I am so very sorry for your loss of Gunner, what a beautiful boy. 

My thoughts are with you and your family. 

Godspeed Gunner


----------



## AngelCoopersMom (Oct 15, 2015)

I am so sorry for your loss. The hurt is real. Cooper is with him playing and chasing those critters. Hugs and prayers.


----------



## swishywagga (Nov 13, 2012)

I am so very sorry for the loss of beautiful Gunner, you are in my thoughts and prayers.


----------



## jennretz (Jul 24, 2013)

So very sorry for your loss. He was such a beautiful boy.


----------



## Neeko13 (Jul 10, 2010)

I'm sorry for your loss... He was a beautiful boy.....


----------



## L.Rocco (Jul 28, 2015)

I am so sorry for your loss!!!


----------



## ssacres (Sep 29, 2012)

It's always so hard to say goodbye.. I am sorry for the loss of your beautiful Gunner.


----------



## Ljilly28 (Jan 22, 2008)

He is such a a beautiful dog- very sorry for your great loss


----------



## Mel (Sep 9, 2008)

I´m crying with you all the way on the other side of the hemisphere. Such a beautiful boy. I feel your pain.


----------



## Pilgrim123 (Jul 26, 2014)

Gunner was a lovely-looking dog. I'm sorry for your loss.
My boy was also crippled with arthritis. It surprised me how much the thought of him being able to run and swim again eased those lonely first days without him.


----------



## goldenewbie (Nov 10, 2011)

I am very sorry for your loss... Gunner was such a beautiful boy! 

Run free Gunner...!


----------



## Harleysmum (Aug 19, 2014)

So sorry for the loss of dear Gunner. So many much loved goldens lost this year.


----------



## gold4me (Mar 12, 2006)

Sending you cyber hugs. I am so sorry!


----------



## Penny & Maggie's Mom (Oct 4, 2007)

I'm so so sorry. Godspeed sweet boy. Hugs to you all.


----------



## Brinkleythegolden (Jun 18, 2012)

I'm so sorry for your loss....


----------



## KathyL (Jul 6, 2011)

Oh, what a handsome big red boy he is. I am so sorry for you and your family. And Gunner will be chasing rabbits and squirrels again so they better beware.


----------



## Karen519 (Aug 21, 2006)

*Gunner*

I'm sure Gunner is chasing rabbits with my Smooch and Snobear.
What a beautiful boy! Rest in peace, sweetheart.
I added Gunner to the Rainbow Bridge List:
http://www.goldenretrieverforum.com...ainbow-bridge-list-2015-a-15.html#post6189922


----------



## KKaren (Oct 29, 2014)

I'm sorry to hear about your beloved Gunner. Run fast and free sweet one. Kind thoughts for you and your family at this difficult time.


----------



## Gunners Mommy (Feb 24, 2013)

Thank all of you for your kind words. It has been almost one week since Gunner crossed over, and I miss him so very very much. But he is much better off, no pain, able to run and play and not have to sit down and no more panting.

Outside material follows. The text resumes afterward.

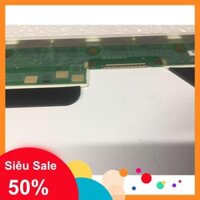 Màn hình LCD Laptop Chạy Đèn cao áp 14.1 in VUÔNG 30 Pin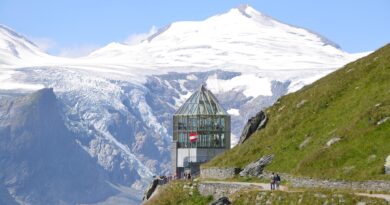 Panoramatour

My son is still reeling over this. He is 14, first pet that he had to say good bye to and he cannot even concentrate on his basketball. won't tell the coach what is wrong. I hope he can pull things together. Gunner was his buddy

Again, thank you all for your kind words


----------



## L.Rocco (Jul 28, 2015)

Gunners Mommy said:


> My son is still reeling over this. He is 14, first pet that he had to say good bye to and he cannot even concentrate on his basketball. won't tell the coach what is wrong. I hope he can pull things together. Gunner was his buddy


I lost my Kid this july, I was 17 and he had been with me for the 2/3 of my life I actually remember. He was also the first pet I lost, it's incredibly hard, but life will push your son forward and it will become easier for him to deal with the loss of Gunner.


----------



## Jud (Aug 10, 2015)

I am so sorry for the loss of your beautiful boy !!!!


----------